Re: Smallification
Sam, on host 209.187.117.100
Friday, January 17, 2003, at 15:30:23
Re: Smallification posted by Stephen on Friday, January 17, 2003, at 12:25:00:
> "Just there, dictated by society in general, mandating blanket, blind and gratuitous conformance to an arbitrary standard" is bad, but disliking the way kids dress at high school is not? You're being inconsistent here.
Not really. I concede that there is gray area between those rules I'm condoning and those I'm condemning. However. Wearing torn jeans or exposing underwear is not a lateral call with regard to formality (i.e., black tux vs. white tux, or black t-shirt vs. white t-shirt) but a call about how formally one is dressed for the specific occasion of attending school classes. I fully realize this call is my personal opinion and may well fall within the gray area. But so what? So it falls within the gray area. "Don't wear white after Labor Day, no matter who you are, where you are, or what the occasion" is quite different.
> (especially if they're not violating a school's dress code!)
The presence of any dress code at all would change the scenario entirely. I was assuming none.

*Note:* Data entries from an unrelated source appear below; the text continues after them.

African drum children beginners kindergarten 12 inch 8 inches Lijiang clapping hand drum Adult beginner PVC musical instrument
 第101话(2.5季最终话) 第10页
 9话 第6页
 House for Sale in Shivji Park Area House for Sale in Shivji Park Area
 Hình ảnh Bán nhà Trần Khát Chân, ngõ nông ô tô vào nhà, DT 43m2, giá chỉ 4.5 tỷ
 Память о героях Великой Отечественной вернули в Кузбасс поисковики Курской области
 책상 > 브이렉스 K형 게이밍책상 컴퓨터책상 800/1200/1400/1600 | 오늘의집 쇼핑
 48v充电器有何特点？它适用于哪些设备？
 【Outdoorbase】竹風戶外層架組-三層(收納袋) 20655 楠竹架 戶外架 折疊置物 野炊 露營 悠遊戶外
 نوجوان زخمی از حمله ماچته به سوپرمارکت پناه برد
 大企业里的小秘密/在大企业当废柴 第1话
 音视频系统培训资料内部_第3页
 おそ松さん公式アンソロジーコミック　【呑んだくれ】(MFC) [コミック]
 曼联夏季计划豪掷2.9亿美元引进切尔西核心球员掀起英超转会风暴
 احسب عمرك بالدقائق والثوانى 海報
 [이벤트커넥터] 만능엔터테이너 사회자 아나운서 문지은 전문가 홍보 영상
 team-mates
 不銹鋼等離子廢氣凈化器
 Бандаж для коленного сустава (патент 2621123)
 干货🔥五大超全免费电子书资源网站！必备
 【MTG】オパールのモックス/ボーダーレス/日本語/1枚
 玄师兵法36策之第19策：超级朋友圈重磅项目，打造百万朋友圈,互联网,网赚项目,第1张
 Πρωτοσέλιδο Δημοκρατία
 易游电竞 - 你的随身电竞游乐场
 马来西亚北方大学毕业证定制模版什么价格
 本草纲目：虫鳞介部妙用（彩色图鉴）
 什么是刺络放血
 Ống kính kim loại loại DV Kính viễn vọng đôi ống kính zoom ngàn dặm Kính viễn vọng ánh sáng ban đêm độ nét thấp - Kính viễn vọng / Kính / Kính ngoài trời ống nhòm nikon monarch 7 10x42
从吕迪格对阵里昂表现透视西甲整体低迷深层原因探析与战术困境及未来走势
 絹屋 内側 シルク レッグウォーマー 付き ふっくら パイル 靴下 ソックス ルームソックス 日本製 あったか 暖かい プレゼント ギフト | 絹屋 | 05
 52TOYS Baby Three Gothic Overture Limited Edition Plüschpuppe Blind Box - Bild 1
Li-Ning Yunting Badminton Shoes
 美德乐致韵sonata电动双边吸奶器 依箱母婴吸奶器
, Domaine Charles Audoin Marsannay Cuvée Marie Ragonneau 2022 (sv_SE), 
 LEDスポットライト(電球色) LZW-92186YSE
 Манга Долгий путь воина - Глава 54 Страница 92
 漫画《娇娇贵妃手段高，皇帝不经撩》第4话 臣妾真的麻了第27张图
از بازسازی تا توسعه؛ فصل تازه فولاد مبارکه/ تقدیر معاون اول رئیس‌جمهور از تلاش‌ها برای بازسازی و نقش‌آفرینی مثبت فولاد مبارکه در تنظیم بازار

With a dress code that disallows torn jeans, I would have all the more ground to stand on in denouncing them; with a dress code that permitted them, my (absolutely personal and subjective) beef would be with the dress code, not with anybody who made use of its lenience.
> If anything, "don't wear white after Labour Day" has more of a purpose than "wear a tie in here." Not wearing white after Labour Day (an admittedly arbitrary deadline) serves the purpose koalamom mentioned -- easier to keep stuff clean.
I disagree totally. Koalamom's practical reason only gives the rule a practical purpose on the personal level. But if this rule is established as one everyone is expected to follow, it disallows one from wearing white (1) because *this* day is not wet, (2) because one is not going to be outside much, (3) because one happens to be good at keeping clothes clean anyway, (4) because one carries spot cleaner in one's pocket, (5) because one won't be in a place where dirty clothing would fall below the formality standards of the occasion and doesn't give a crap about the condition of his clothes.
"Wear a tie in here," while admittedly enforcing a type of formality that makes use of one, is nevertheless a kind of rule that specifies a *level* of formality instead of purely how that is achieved.
To sum up, I'm distinguishing between rules that seem geared towards a level of formality rather than lateral constraints within levels of formality. And I'm also distinguishing between rules that apply to a place and occasion (dinnertime at an upscale hotel, classes at school) and rules that apply to everybody, all the time, regardless of circumstance or company.
> "Dressing appropriately" is not equivalent to being polite or courteous, because the way you dress does not necessarily impact your actions.
"Dressing appropriately" *is* an action. Show up to a wedding in a red leather studded jacket and partially bleached, torn jeans, and, unless this is a very unusual wedding, that is impolite and discourteous even if your every word and your every other action is the soul of graciousness.
Of course, if you bump into someone on the street, then I concede your point: the manner in which that person is dressed has basically no impact on that person's politeness or courtesy. But this distinction is exactly why I distinguish between fashion rules for an occasion and blanket fashion rules for everybody, all the time.
I'm not asking anybody to accept exactly where I draw all the lines on this topic. Disagree with me on the school issue, and that's fine: I can disagree with but respect that position. I *know* that fashion is subjective, and there is much gray area.
The only claim I'm making definitively here is that there is some black and white at the ends of the gray, and that stupid don't wear white after Labor Day rule, when applied as a blanket rule to all circumstances, is so far off the deep end as to be petty, superficial, and stupid.